1977–1984 secret police operation in Czechoslovakia

Akce Asanace (English: Sanitation Act) was the cover name for a Czechoslovak StB (secret police) operation in the late 1970s and early 1980s, with which the Communist regime tried to force inconvenient people, especially signatories of Charter 77, to leave the country. Various forms of psychological and physical coercion and blackmail were used, including forcing individuals to emigrate. Prominent individuals against whom this was used include Milan Hlavsa, Vratislav Brabenec, Vlastimil Třešňák, Jaroslav Jeroným Neduha, Jaroslav Hutka, Svatopluk Karásek, Václav Malý, Karol Sidon, Petr Cibulka, and Pavel Landovský.

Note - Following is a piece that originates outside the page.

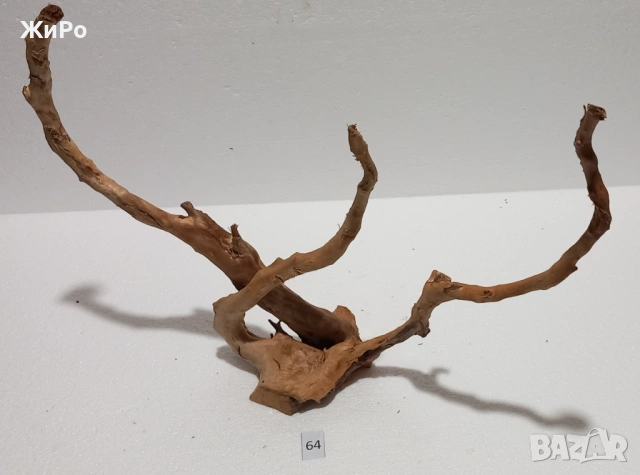 Корен от Азалия /декорация/ 64, снимка 4 - Други - 54102430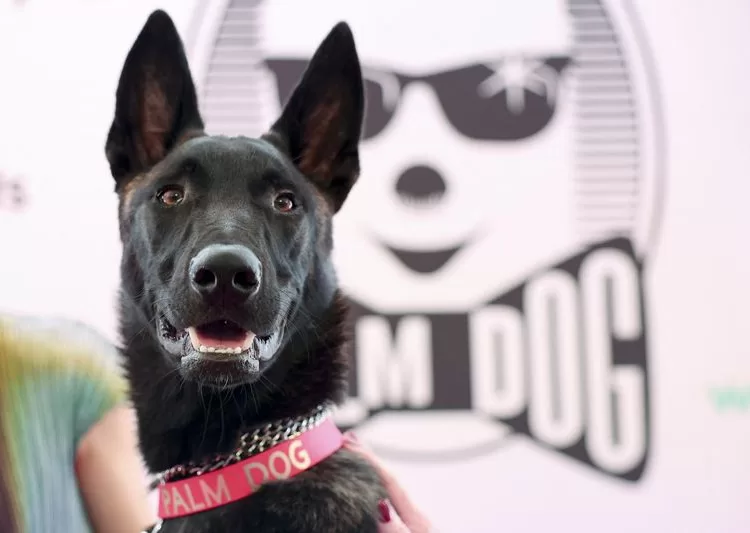 The dog named Apocalypse receives the Palm Dog award on-behalf of the dog named Yuri, winner of the award for his best canine performance in the film "La Perra" (La Chienne) presented at the Quinzaine des Cineastes (Directors' Fortnight), during the 79th Cannes Film Festival in Cannes, France, May 22, 2026. REUTERS/Gonzalo Fuentes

==Origin and progression==
On 21 December 1977, then-Minister of the Interior, Jaromír Obzina, issued an order to "achieve the complete disintegration and isolation of the main organizers of Charter 77 from other signatories, and the selected organizers of this event to be evicted from the Czechoslovak Republic". The StB focused especially on younger and lesser-known dissidents, because they were not so visible and their persecution did not provoke significant protest. Common methods of coercion were physical violence and blackmail. For those who agreed to emigrate, the StB ensured that all necessary formalities were completed without complications. Pressure peaked between 1980 and 1981, as the government was afraid the Charter 77 movement would join forces with Poland's nascent Solidarity.

In all, 280 signatories of Charter 77, i.e., about 15% of the total number, were forced to emigrate, including ten members of the Committee for the Defense of the Unjustly Prosecuted (VONS). The operation also swept up dissidents that had not signed the charter, such as Radko Pavlovec, a noted anti-fascist activist who had been imprisoned between 1952 and 1960 at the Jáchymov labor camp. Akce Asanace ended in 1984 and was followed by a similar operation, named Akce Klín.

==Aftermath and trials==
In 1999, criminal trials of several politicians and members of the StB associated with Akce Asanace began and continue to this day. Jaromír Obzina escaped conviction, as he died in January 2003. Most of those convicted have received suspended sentences. In September 2021, courts recognized four additional StB employees who had persecuted Charter 77 signatories such as Vratislav Brabenec of The Plastic People of the Universe and Jaroslav Jeroným Neduha of Extempore, though their verdicts have not been finalized yet.

==Popular usage==
The term "Asanace" has been used in contexts that refer to government persecution or prohibition, as in the case of Asanace2, a call for the Czech government to legalize the use and growing of cannabis products.